Sudden reversible and irreversible SNHL has been reported following general anaesthesia involving both otolaryngological and non-otolaryngological procedures. The reversible hearing loss is unilateral or bilateral and the degree of recovery is variable.⁴⁵,⁴⁶,⁴⁷,⁴⁸,⁴⁹,⁵⁰

It is thought that the anaesthetic agent has a causative role in the deafness. The most common anaesthetic agent in these cases is nitrous oxide. Two theories have been suggested-‘implosive' and ‘explosive' routes. In the first route, rapid penetration of the highly soluble nitrous oxide results in an acute increase in middle ear pressure and subsequent rupture of the round window membrane.⁵¹ In the second, the nitrous oxide-induced increases in the venous and CSF pressure are transmitted to the perilymphatic space via the cochlear duct causing displacement or rupture of the membrane.⁵² The other anaesthetic agents e.g isoflurane and fentanyl may act indirectly on the auditory pathway by altering the general haemodynamics e.g hypotension.⁵³

b) Spinal anaesthesia and lumbar puncture

The first reported case of hearing impairment after spinal anaesthesia was reported in 1914.⁵⁴ Since then, it has been well documented that reversible SNHL can occur after spinal anaesthesia and following procedures involving lumbar puncture.⁵⁵,⁵⁶,⁵⁷,⁵⁸,⁵⁹,⁶⁰,⁶¹ The hearing loss is either unilateral or bilateral, low frequency and usually reverses spontaneously although there are a few documented cases where the SNHL has not reversed.⁵⁸

The precise mechanism of this transient hearing loss has not yet been completely established.

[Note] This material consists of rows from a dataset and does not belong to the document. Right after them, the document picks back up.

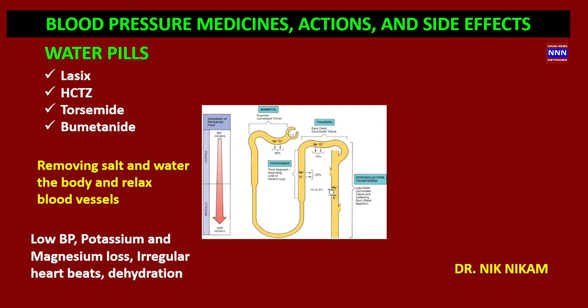Removing salt from the blood vessels helps to relax them and lowers blood pressure. However, the side effects of water pills include lowering of potassium and magnesium levels, which can cause irregular heartbeats. Patients can also develop dehydration if they are not taking adequate fluids while on water pills.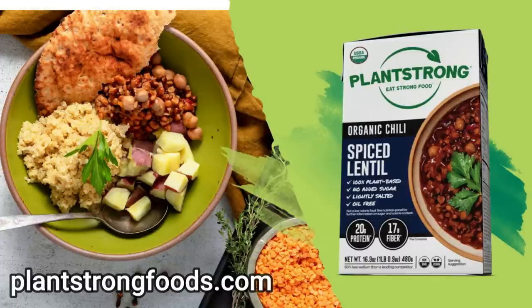There are three different varieties of lentils — brown, red, and my favorite, black beluga — and together with the chickpeas, they bring this chili to 9 grams of fiber and 10 grams of protein per serving. And if you're like me and you eat the whole box, that's 18 grams of fiber and 20 grams of protein per container. You can order a sampler pack of this chili and our four other new flavors by visiting plantstrongfoods.com.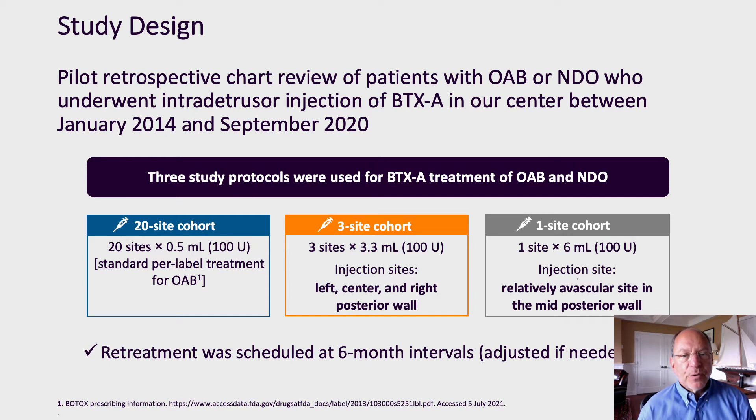Our protocol then evolved to a single-site protocol. Again, the 100 units of botulinum toxin is prepared, this time in 6 cc's of saline, administered to a single site in the posterior bladder wall. Importantly, all patients were scheduled for re-treatment at six months after their botulinum treatment, and patients were then allowed to adjust this treatment interval based on their response to therapy.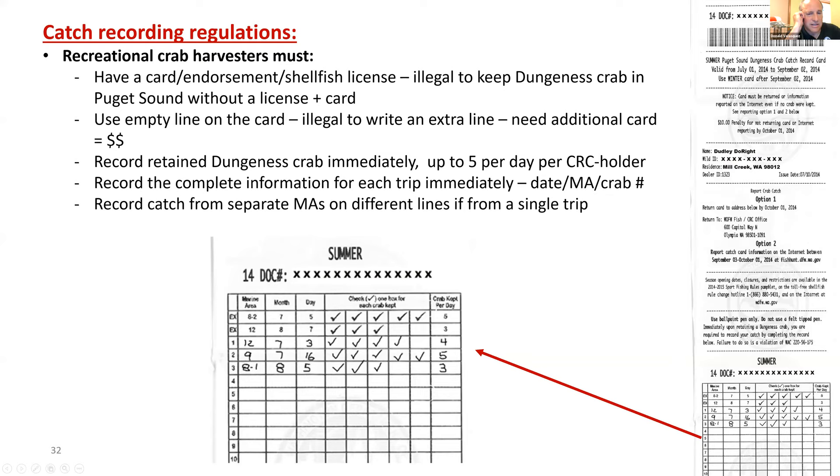This is an example of the catch record card. You have to have your endorsement and your catch record card. When you go on a trip and keep Dungeness crab, you use one of the empty lines on the card, recording your crab immediately — up to five per day per CRC holder. The information required is date, marine area, and number of crab. If you catch crab from two marine areas on the same day, you must record them on separate lines. Each catch record card has a deadline for reporting your catch, with two options: mail in or online.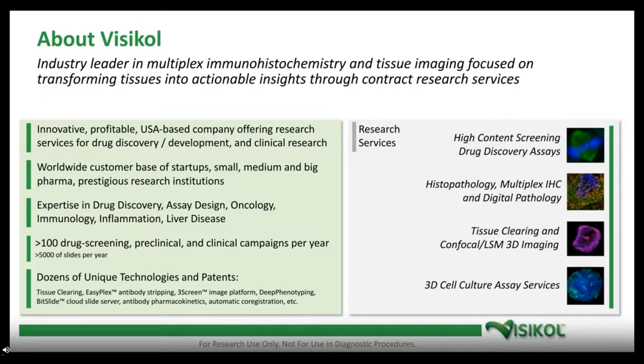Visicol is a contract research services company highly focused on imaging, advanced cell culture models, and digital pathology. Our mission is helping pharma and biotech clients transform their tissues and cells into large datasets using advanced imaging, and then mining those datasets for something useful to help answer their questions as part of drug discovery and development. We work on key areas such as high content screening and drug discovery assays, histopathology, multiplex IHC, digital pathology, tissue clearing, confocal and light sheet 3D imaging, and 3D cell culture assay services. Today we have over 12 top-20 pharma companies as clients and have worked on programs spanning infectious disease, rare orphan diseases, cancer, diabetes, and everything in between.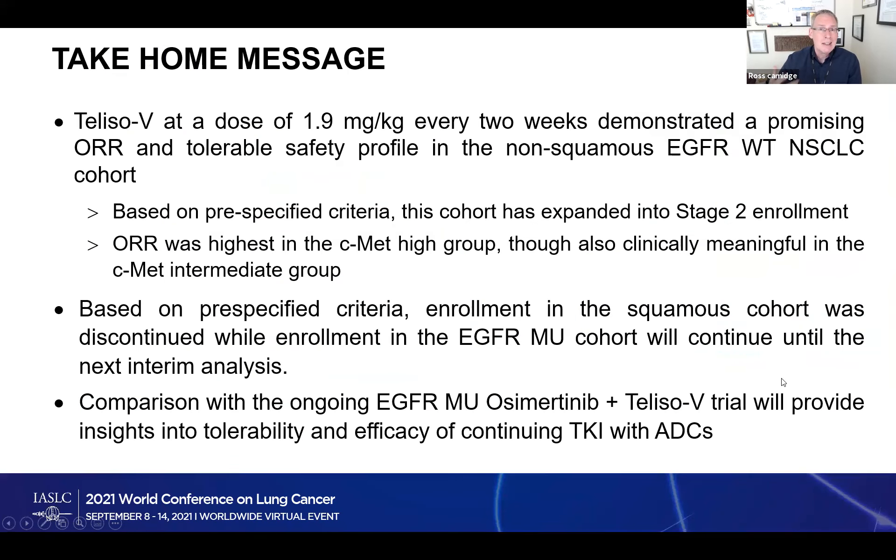The take-home message: the dose, given intravenously once every two weeks, was pretty well tolerated with some efficacy. We're starting to understand who the drug does and doesn't work in, and what level of MET expression is needed. The really interesting question is: who are those EGFR wild type non-squamous patients with high MET levels showing high response rates? Are they the ones with a MET exon 14 skip mutation or MET amplification? If so, maybe we could use a genetic test instead of a protein test. Antibody drug conjugates are definitely coming soon.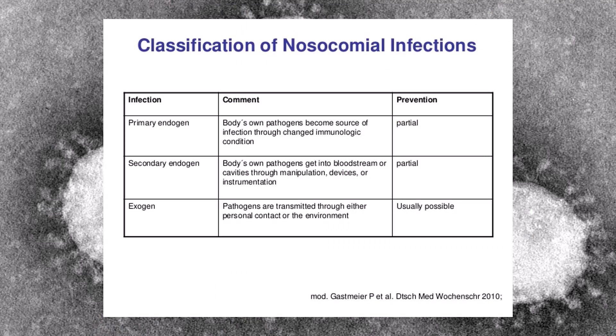There are primarily three types of infection transmission exposures. The first is primary endogen — dealing with the body's own pathogens becoming a source of infection through changed immunological conditioning. The second is secondary endogen — the body's own pathogens getting into the bloodstream or cavities through manipulation, devices, or instrumentation. The third is exogen — pathogens transmitted through either personal contact or the environment. The exogen is the type we're working with in COVID-19, and prevention is usually quite possible if you take the proper steps.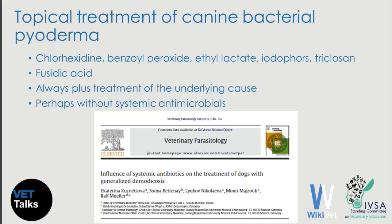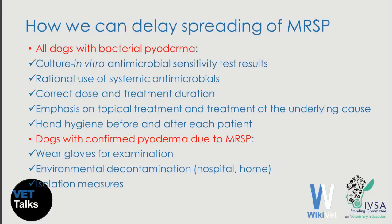The last change: we are now using topical treatment more frequently. We can use shampoos with chlorhexidine for generalized lesions, or creams and ointments with fusidic acid for localized lesions. The combination of intensive topical treatment along with treatment of the underlying cause of pyoderma may be all that is necessary to cure the dog. This is shown very nicely in a publication where dogs with pyoderma due to generalized demodicosis responded very well to topical antibacterials plus miticidal treatment.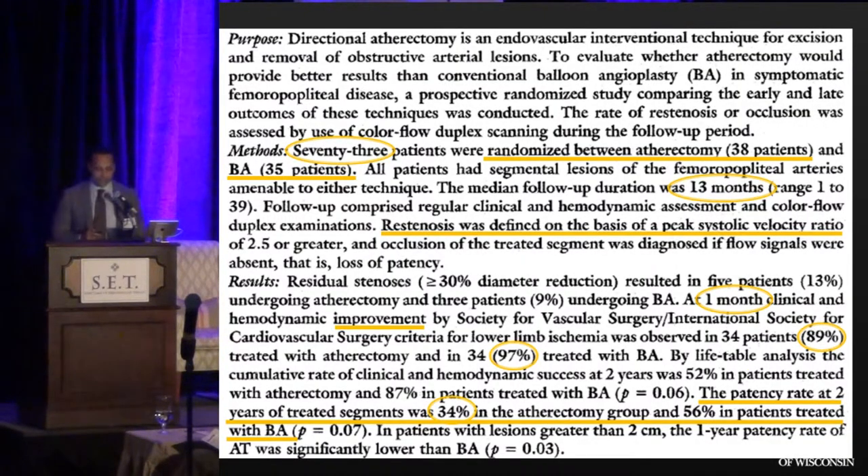However, if you look at the exact same device studied with a better trial design, published in 1995, 73 patients were randomized to atherectomy versus plain old balloon angioplasty (POBA). At mean follow-up of 13 months — about the same duration as the prior single-center experience — patency was defined by peak systolic velocity ratio. At one month, clinical improvement was positive: 89% and 97% respectively. But patency of treated segments at two years was 34% for atherectomy and 56% for plain old balloon angioplasty — really not convincing data.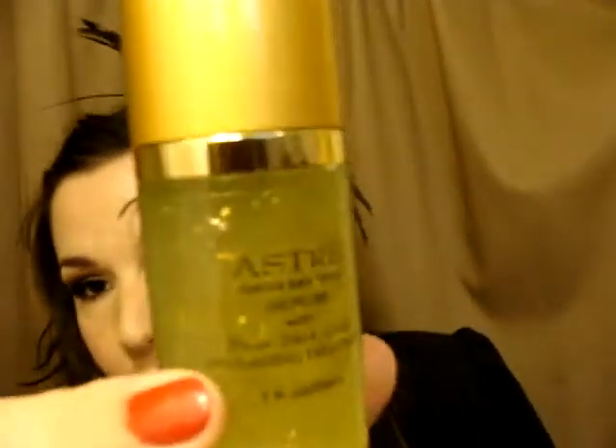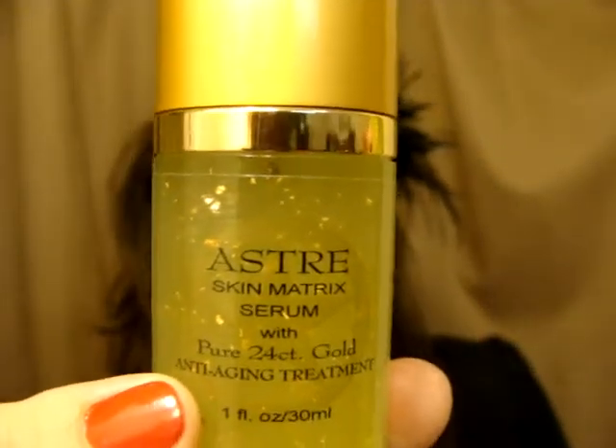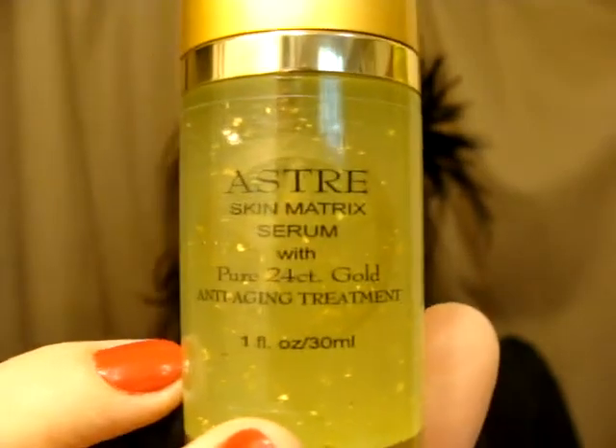Two of you will get a free bottle each, and this is a one-month supply — it actually is a full one-month supply. If you're wondering what the floaties are, that's actual 24 karat gold in there. It has hyaluronic acid, acetylhexapeptide, 24 karat gold, and organic aloe vera. That's why there's a little green tint — because it's organic aloe vera. This is such good stuff. When you try it, you will be hooked.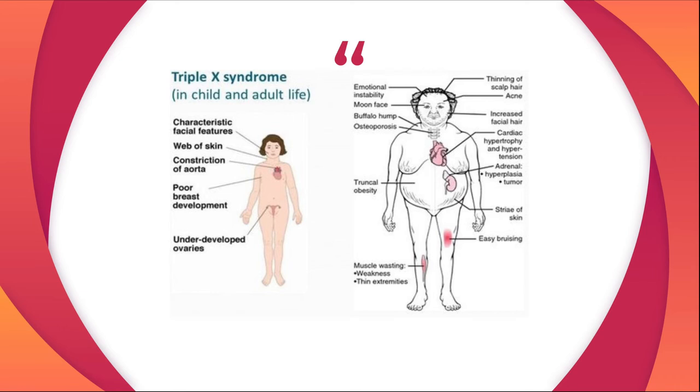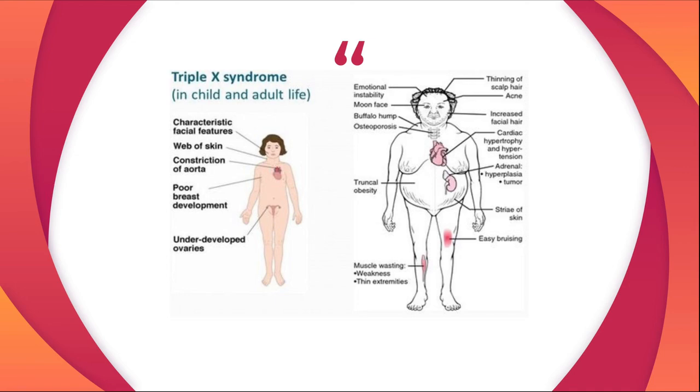Adults show emotional instability, mood phases, a buffalo hump, osteoporosis, the thinning of scalp hair, acne, increased facial hair, cardiac hypertrophy and hypertension, hyperplasia and tumors in the adrenal zone, truncal obesity, striae of skin, easy bruising, and also weak muscles and thin extremities.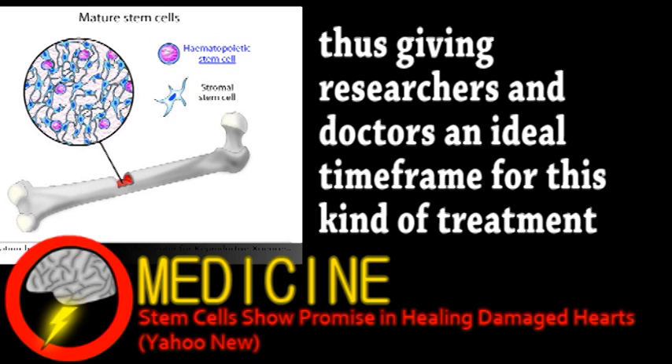Other promising results were from a phase 1 trial that used patients' own cardiac stem cells. But much more research is needed.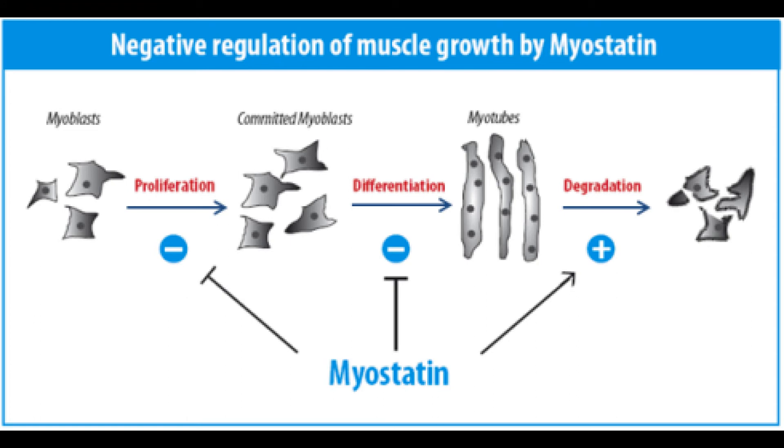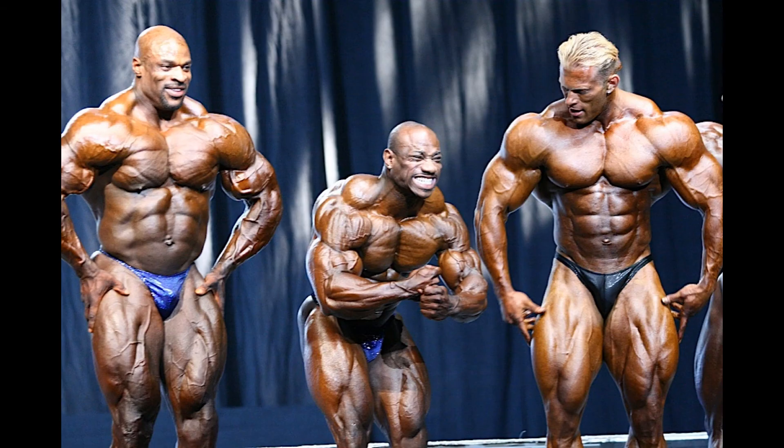You don't want myostatin because it basically blocks out protein. So why would you want something that blocks protein that much? That's why, if you're genetically gifted and growing muscle like crazy, it's probably because you have lower myostatin levels. They've found young kids who are tremendously muscular at a young age, and when tested, they have low myostatin levels.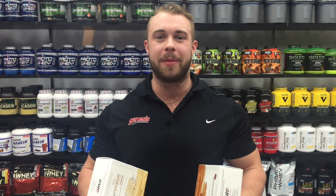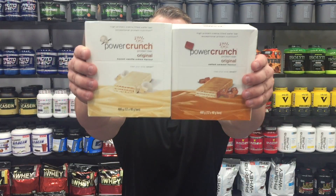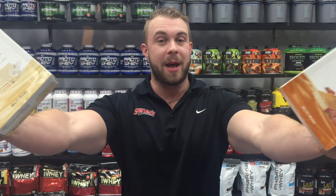Hey guys, Josh here from Genesis.com.au, and today I've got with me BNRG's infamously tasty Power Crunch Bars — perfect for just about anyone who's looking for a delicious high protein snack, giving you a huge 13 grams of BNRG's finest protein.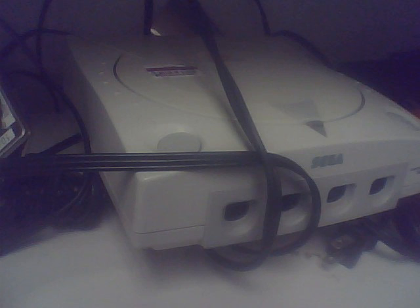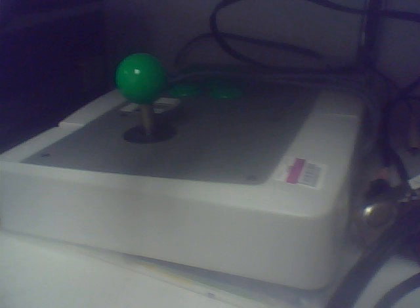They had a Sega Genesis, three PlayStation 1s, three PS2s under the Sega Genesis. They also had a couple of keyboards, phone stuff, a Sega Dreamcast — I was pretty surprised to see that — and a Sega Dreamcast arcade joystick, which was in great condition and felt really cool.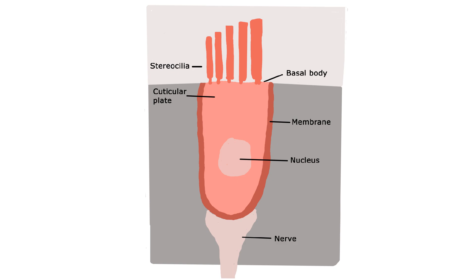Inside the cochlea are thousands of cells called hair cells. Every one of these hair cells has a bundle of tiny hair-like projections called stereocilia. The stereocilia move back and forth due to the disturbance caused by the sound wave. The hair cell is surrounded by two different fluids called endolymph and perilymph, and the hair cell itself has a different fluid inside it. These fluids have different charges as well as different ion concentrations.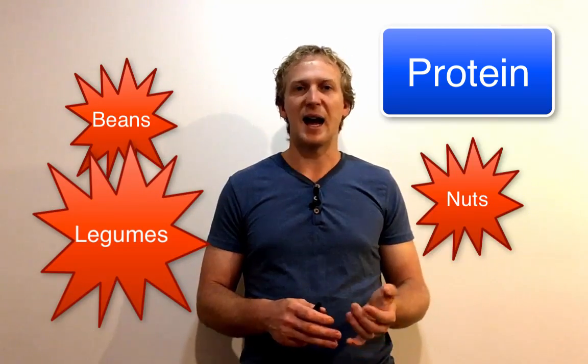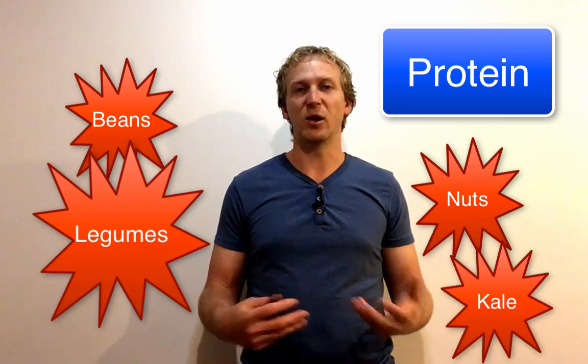If you're vegetarian or vegan, you can find protein in legumes, beans, nuts, kale, and a lot of leafy greens. Even so, you may still want to use a supplement to make it easier to get a higher amount of protein at the right time, in which case supplementation can prove beneficial for your growth and repair.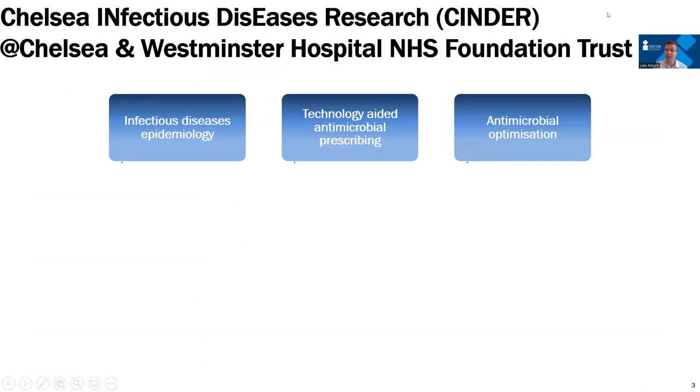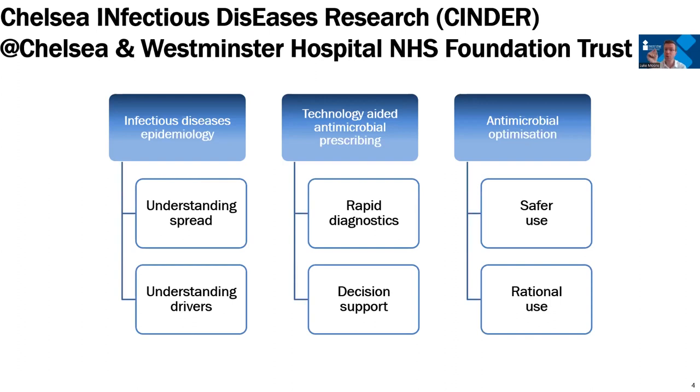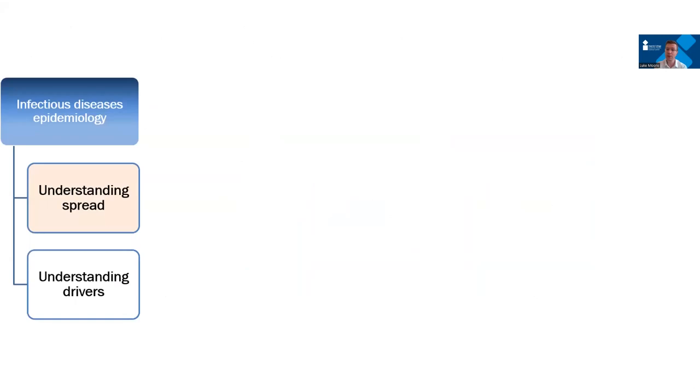Within our group we have an eclectic taste, but it really follows three main research themes. First, to track infectious diseases epidemiology — specifically antimicrobial resistance and how it's changing. Second, we use two technological means: rapid diagnostics inserted into the patient pathway, and artificial intelligence and machine learning to use laboratory data more effectively. Third, we focus on how we use antimicrobials — antibacterials, antivirals, antifungals — to make prescribing safer and more rational, so that antimicrobial resistance grows at a slower rate.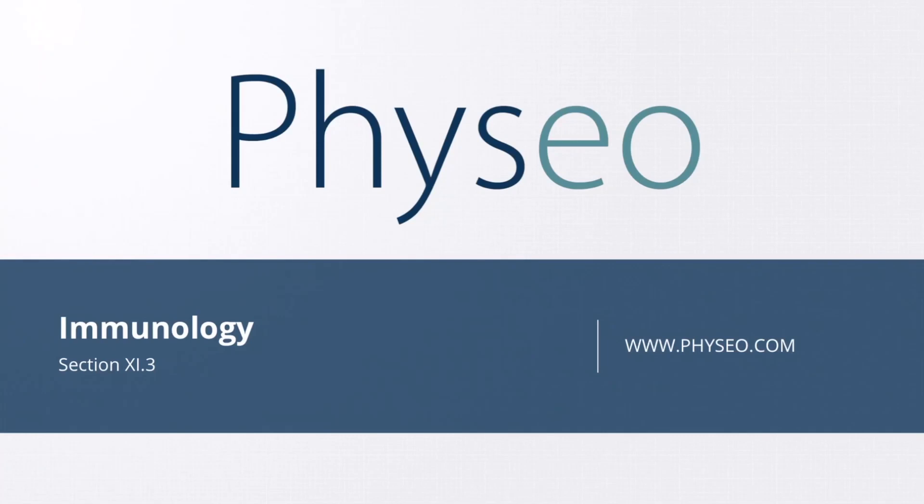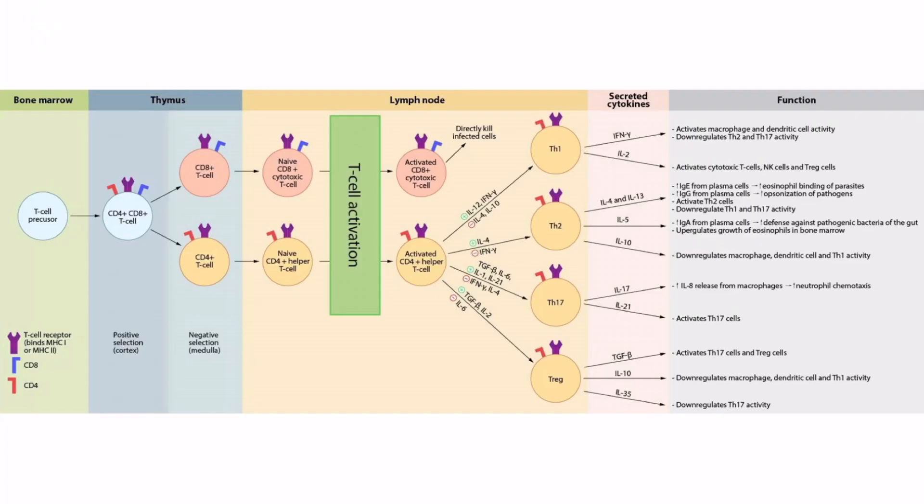Welcome to section 11.3 of Immunology. In this section, we'll be discussing cytokines secreted from Th17 cells. We introduced this figure in our video on T-cell activation and subtypes. Here we can see the Th17 cell, as well as the cytokines it secretes, including IL-17 and IL-21. With this in mind, let's focus on memorizing these cytokines.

It has been suggested that following dural puncture the decrease in the CSF volume and pressure that occurs leads to a decrease of perilymph as there is a direct communication between the CSF and perilymph via the cochlear aqueduct. The reduction in perilymphatic pressure would then induce a transient endolymphatic expansion for equilibration.⁵⁵,⁶²,⁶³ This endolymphatic hydrops is associated with the hearing loss and restoration of the CSF and inner ear volumes would then lead to a return of normal hearing thresholds.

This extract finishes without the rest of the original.